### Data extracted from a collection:

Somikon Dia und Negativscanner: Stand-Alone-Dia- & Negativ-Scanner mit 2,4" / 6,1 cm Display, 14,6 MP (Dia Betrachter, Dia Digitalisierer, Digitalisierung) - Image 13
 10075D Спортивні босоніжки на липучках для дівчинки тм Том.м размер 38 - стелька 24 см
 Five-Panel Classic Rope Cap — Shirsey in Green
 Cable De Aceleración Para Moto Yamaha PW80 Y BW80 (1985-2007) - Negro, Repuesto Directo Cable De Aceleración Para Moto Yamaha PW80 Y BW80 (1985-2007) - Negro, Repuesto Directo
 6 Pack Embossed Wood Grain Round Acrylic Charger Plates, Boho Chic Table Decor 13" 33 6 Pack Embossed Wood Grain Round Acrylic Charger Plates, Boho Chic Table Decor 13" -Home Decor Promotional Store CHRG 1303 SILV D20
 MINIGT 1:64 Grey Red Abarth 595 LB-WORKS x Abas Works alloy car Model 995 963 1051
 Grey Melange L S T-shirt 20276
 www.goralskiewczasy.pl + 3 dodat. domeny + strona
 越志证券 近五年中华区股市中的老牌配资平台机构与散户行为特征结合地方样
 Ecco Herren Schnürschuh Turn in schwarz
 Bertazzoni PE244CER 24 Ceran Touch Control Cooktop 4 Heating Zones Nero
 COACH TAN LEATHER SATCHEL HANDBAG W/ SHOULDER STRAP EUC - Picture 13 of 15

### Problem requirements:
Working from the entries above, return all lines that contain "Grey".

### Task answer:
 MINIGT 1:64 Grey Red Abarth 595 LB-WORKS x Abas Works alloy car Model 995 963 1051
 Grey Melange L S T-shirt 20276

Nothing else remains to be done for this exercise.